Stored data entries

•••••

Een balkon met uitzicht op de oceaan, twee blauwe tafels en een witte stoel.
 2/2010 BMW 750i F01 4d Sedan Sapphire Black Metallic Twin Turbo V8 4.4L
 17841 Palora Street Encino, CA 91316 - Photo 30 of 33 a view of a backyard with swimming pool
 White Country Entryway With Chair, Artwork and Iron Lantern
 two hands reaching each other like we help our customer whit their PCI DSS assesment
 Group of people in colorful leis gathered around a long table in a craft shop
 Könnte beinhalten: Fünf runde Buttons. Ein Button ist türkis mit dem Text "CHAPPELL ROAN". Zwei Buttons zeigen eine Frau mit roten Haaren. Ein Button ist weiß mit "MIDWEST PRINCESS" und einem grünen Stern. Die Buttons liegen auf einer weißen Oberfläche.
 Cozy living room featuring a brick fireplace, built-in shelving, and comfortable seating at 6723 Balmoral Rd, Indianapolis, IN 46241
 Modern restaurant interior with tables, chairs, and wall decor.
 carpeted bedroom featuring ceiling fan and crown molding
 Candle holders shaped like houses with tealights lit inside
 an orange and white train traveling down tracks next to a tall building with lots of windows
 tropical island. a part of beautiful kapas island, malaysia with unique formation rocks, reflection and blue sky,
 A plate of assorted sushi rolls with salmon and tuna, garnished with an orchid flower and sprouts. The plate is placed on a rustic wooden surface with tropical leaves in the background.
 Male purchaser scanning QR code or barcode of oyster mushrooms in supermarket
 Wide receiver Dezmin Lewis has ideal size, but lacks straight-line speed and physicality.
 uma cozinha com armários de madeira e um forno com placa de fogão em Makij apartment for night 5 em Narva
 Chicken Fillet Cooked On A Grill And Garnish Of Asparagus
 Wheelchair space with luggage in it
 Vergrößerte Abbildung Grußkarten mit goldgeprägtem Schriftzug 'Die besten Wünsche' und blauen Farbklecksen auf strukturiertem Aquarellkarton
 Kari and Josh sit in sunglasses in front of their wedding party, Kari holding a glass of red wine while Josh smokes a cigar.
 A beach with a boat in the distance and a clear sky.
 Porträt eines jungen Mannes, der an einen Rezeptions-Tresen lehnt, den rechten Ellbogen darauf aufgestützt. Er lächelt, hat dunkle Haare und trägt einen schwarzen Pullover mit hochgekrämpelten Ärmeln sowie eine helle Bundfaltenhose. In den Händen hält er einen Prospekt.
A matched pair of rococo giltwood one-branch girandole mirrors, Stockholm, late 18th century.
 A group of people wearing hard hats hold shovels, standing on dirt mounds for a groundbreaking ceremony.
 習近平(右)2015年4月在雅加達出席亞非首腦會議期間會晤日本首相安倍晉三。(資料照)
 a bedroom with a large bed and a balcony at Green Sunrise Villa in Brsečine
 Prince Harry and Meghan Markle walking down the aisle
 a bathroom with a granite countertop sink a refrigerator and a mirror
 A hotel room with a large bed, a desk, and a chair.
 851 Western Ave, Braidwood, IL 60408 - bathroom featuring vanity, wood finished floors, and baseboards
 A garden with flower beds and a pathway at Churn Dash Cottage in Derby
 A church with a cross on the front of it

•••••

● Task prompt
If a line in the data holds the string "featuring", copy that line.

● Exercise solution
 Cozy living room featuring a brick fireplace, built-in shelving, and comfortable seating at 6723 Balmoral Rd, Indianapolis, IN 46241
 carpeted bedroom featuring ceiling fan and crown molding
 851 Western Ave, Braidwood, IL 60408 - bathroom featuring vanity, wood finished floors, and baseboards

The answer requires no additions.